▶ _WHAT IS BEING ASKED_
After finding the line with "Yeezy foam runners" in the data below, set down exactly each line through the one with "image for item", inclusive, and stop there.

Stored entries
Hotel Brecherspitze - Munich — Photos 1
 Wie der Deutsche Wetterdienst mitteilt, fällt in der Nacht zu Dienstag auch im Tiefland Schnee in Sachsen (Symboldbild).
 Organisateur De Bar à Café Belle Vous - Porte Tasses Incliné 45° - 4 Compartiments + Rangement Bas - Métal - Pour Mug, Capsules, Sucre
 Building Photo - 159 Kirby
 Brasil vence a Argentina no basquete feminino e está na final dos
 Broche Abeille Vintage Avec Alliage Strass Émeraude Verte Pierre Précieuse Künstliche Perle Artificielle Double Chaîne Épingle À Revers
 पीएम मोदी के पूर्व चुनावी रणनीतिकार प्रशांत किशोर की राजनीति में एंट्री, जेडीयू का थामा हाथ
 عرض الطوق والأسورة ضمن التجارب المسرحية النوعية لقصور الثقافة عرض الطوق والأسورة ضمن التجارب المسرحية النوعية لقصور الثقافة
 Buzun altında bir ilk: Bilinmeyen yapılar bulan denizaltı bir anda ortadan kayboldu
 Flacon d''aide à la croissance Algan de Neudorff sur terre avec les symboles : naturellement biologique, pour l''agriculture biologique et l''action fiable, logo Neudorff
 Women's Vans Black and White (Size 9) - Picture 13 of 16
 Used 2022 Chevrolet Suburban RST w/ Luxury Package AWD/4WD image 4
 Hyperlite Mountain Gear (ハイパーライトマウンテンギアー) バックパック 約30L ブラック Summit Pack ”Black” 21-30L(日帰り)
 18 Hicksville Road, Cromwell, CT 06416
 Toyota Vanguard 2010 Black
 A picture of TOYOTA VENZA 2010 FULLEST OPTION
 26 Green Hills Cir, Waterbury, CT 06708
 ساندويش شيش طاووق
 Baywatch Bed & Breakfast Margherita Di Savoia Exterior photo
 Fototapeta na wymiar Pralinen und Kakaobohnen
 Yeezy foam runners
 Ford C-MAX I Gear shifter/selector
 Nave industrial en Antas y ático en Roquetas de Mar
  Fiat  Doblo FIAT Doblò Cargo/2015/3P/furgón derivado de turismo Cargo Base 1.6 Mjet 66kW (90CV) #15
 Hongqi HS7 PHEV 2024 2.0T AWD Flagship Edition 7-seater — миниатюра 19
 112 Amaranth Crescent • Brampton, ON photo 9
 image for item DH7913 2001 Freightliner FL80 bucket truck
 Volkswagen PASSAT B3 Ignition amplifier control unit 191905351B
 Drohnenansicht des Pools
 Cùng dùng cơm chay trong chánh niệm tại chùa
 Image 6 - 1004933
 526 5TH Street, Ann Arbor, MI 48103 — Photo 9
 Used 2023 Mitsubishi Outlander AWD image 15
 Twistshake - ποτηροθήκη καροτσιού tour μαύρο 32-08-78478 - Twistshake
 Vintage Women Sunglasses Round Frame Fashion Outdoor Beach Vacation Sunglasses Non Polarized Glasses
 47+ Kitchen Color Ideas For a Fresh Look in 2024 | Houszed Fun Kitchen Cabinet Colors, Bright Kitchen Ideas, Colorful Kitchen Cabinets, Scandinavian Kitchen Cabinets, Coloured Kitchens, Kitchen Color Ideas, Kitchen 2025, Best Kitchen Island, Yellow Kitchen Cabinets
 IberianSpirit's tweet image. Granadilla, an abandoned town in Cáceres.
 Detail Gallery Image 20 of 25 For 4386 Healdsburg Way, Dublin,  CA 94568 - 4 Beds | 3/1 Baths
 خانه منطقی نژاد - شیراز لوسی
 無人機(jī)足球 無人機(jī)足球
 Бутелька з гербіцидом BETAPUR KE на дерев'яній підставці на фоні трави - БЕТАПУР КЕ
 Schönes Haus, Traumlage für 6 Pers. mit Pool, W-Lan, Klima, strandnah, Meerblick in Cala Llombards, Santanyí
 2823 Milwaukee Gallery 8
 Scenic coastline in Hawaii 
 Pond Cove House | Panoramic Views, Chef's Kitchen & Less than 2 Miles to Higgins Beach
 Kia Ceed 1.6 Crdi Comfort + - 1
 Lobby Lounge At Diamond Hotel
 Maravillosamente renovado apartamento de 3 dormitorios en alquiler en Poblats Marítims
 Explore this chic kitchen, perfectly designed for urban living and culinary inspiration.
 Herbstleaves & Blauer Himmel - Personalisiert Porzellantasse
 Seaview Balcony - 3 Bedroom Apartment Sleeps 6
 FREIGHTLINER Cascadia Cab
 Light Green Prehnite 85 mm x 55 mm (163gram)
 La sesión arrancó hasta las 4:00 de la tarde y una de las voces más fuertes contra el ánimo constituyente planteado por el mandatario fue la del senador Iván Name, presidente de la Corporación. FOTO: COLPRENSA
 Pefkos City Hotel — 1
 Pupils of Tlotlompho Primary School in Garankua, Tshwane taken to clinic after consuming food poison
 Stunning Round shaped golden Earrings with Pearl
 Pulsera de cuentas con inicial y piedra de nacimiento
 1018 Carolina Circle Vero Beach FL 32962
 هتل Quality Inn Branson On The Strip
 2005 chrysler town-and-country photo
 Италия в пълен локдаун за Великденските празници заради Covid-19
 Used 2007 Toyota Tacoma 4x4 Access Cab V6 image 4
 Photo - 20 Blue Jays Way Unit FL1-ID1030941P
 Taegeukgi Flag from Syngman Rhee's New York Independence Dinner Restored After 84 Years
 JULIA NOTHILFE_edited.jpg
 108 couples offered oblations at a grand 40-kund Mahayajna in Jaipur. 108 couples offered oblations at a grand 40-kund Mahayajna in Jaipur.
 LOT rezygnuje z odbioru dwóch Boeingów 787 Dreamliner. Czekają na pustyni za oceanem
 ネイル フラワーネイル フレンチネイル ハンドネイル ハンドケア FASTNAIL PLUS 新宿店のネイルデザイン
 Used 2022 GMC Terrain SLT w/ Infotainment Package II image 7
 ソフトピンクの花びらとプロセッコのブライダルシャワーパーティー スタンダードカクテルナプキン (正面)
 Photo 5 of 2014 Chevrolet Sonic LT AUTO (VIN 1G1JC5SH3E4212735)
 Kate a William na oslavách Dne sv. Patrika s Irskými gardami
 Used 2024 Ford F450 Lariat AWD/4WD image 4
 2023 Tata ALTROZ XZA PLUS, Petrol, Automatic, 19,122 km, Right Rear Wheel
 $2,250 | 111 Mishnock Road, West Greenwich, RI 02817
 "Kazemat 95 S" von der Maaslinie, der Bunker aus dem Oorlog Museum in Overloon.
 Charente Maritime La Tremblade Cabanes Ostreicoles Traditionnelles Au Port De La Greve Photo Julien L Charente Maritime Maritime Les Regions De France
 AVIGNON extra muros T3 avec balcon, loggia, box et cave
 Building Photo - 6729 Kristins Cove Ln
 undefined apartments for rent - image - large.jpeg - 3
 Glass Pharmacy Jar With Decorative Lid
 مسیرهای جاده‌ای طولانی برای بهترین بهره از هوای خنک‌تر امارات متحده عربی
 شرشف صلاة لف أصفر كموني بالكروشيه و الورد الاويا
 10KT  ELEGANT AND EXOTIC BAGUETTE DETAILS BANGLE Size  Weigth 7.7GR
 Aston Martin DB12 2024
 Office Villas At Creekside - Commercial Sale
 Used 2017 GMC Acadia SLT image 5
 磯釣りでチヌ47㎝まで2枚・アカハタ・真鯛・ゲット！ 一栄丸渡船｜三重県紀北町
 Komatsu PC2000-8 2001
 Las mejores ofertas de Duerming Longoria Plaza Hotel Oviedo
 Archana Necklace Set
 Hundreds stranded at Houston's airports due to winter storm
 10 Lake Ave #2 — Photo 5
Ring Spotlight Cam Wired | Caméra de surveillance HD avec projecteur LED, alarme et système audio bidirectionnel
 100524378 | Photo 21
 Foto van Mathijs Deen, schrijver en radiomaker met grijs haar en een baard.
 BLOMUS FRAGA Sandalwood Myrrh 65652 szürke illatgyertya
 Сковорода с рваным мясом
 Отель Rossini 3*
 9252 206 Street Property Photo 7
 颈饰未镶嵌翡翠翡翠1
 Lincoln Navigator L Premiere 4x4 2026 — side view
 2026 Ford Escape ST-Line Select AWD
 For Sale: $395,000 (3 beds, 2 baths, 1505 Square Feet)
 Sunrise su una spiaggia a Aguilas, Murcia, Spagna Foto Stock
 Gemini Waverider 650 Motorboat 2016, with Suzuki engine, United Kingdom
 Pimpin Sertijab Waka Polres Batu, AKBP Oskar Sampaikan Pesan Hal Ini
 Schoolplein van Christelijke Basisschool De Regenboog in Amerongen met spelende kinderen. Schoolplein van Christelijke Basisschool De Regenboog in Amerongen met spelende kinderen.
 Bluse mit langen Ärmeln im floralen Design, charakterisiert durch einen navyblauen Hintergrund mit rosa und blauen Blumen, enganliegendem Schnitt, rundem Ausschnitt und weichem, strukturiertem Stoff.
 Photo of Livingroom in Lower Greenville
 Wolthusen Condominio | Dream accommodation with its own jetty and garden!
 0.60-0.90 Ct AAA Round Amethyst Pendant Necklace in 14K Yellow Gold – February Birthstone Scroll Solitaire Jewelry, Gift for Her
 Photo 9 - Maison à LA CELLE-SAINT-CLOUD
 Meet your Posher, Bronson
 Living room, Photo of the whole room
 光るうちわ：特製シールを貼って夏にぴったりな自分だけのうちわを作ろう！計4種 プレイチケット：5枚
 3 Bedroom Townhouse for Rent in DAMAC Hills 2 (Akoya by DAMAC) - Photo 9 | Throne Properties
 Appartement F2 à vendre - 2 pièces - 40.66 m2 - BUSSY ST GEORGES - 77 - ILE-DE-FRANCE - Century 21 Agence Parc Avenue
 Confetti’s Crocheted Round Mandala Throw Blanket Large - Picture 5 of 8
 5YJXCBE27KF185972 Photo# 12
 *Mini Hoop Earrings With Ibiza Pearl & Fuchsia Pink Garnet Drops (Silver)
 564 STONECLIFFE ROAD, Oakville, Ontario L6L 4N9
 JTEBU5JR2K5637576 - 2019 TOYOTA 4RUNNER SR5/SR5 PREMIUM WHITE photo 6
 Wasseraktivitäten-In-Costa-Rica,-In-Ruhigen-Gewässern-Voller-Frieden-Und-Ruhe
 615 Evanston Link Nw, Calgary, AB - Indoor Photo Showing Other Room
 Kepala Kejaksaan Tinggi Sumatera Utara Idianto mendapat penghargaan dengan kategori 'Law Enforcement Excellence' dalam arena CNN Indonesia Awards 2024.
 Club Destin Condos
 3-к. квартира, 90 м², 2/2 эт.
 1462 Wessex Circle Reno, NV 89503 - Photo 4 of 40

▶ _TASK ANSWER_
 Yeezy foam runners
 Ford C-MAX I Gear shifter/selector
 Nave industrial en Antas y ático en Roquetas de Mar
  Fiat  Doblo FIAT Doblò Cargo/2015/3P/furgón derivado de turismo Cargo Base 1.6 Mjet 66kW (90CV) #15
 Hongqi HS7 PHEV 2024 2.0T AWD Flagship Edition 7-seater — миниатюра 19
 112 Amaranth Crescent • Brampton, ON photo 9
 image for item DH7913 2001 Freightliner FL80 bucket truck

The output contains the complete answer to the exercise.